Heavy Criticism For RBS Property Division In Regulatory Probe
Royal Bank of Scotland’s West Register unit is facing investigation into conflicts of interest and how the bank treated customers in its restructuring division.
The Financial Conduct Authority yesterday published the interim findings of an independent review commissioned by regulators into whether Royal Bank of Scotland’s Global Restructuring Group had deliberately acted against the interests of the bank’s small and midsize borrowers to maximise its profit, and pushed them into insolvency to take control of their assets.
The review found that RBS had not deliberately pushed clients toward insolvency, but that it had not properly managed the inherent conflict between the needs of its borrowers and its own need to maximise the amount it recovered from distressed loans.
This analysis applied also to West Register; the review found it had not deliberately sought to take over borrowers’ properties, but that there were huge conflicts of interest in the way it was run.
RBS set up the Global Restructuring Group following the financial crisis to work through distressed loans in a methodical manner rather than simply selling them to private equity firms at a steep discount. At its peak it managed more than £38B of loans, around half of which were to property companies.
West Register was a division of the bank set up in the 1990s. Its purpose was to buy property assets if the companies RBS lent to went into insolvency, and a sale on the open market would crystallise a big loss for the bank. It would manage the assets to improve the value then sell them at a later date.
At its height it managed more than £3.7B of assets. It was shut down in 2014.
The accusation that was levelled at West Register, both in the run-up to this report and consistently throughout its existence, was that RBS deliberately put property owners into insolvency so it could buy their assets through the division and then sell them later at a profit.

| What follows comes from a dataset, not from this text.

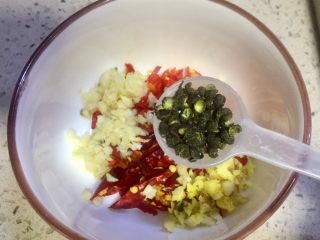 4、#吉祥年夜菜#青龙送福~蓑衣黄瓜,放入30左右的青花椒粒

The FCA report said that during the period it examined, 2008-2013, West Register bought 382 properties from 166 clients for £219M.
It reviewed 60 cases where West Register was involved in some way, and in 15 of these cases West Register ended up buying the property.

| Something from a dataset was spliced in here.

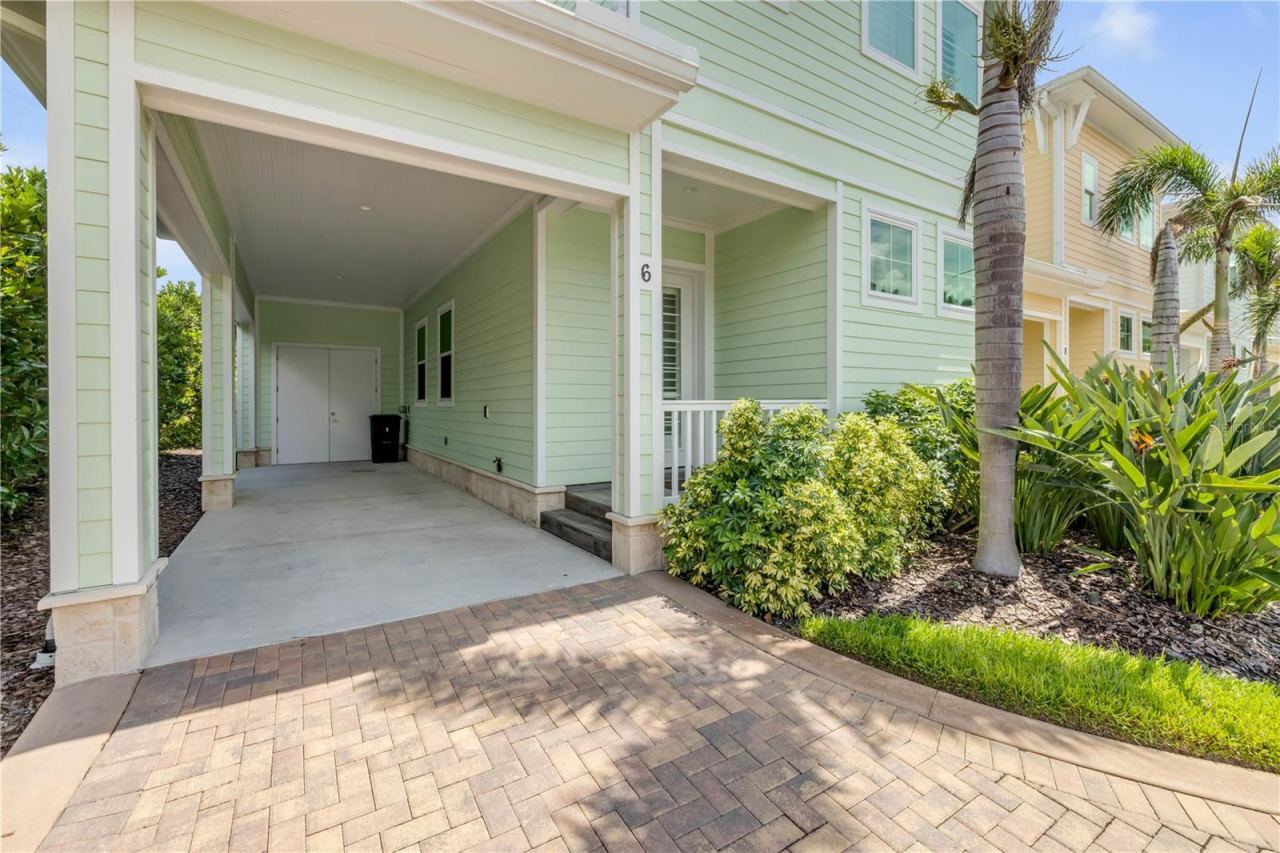 Photo 4 of 6 Old Feger Dr, New Smyrna Beach, FL 32169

It found no evidence GRG and West Register had deliberately set out to put a company into administration to take over its assets or that West Register had bought assets at below market value. Indeed, it pointed out that the purchase always crystallised a loss for RBS on the level of its loan.
But “the independent review concluded that the overall relationship between GRG and West Register was inappropriate,” the report said.

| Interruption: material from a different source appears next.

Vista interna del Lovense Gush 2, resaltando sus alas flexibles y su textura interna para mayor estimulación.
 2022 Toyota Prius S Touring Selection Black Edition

It said the staff of West Register was advising the GRG restructuring staff on the strategy for assets before it had bought them, creating a big conflict of interest.
“In 30 of the cases in the review sample, the independent review found that information had been inappropriately shared by GRG with West Register,” the report said. “The nature of the information shared was extensive and/or the sharing of it took place at a time when West Register was able to and in some cases did influence GRG’s strategy toward the customer.”
“In common with the twin goals of GRG itself, the tension between two competing objectives in the West Register model — maximising immediate recoveries and future profit to the bank — was never identified and therefore never managed.”
The FCA said the review had given an opinion as to what extent the senior management of RBS and GRG knew about the failings it identified, but since they had not been given the chance to give their version of events, this part of the report has not been published.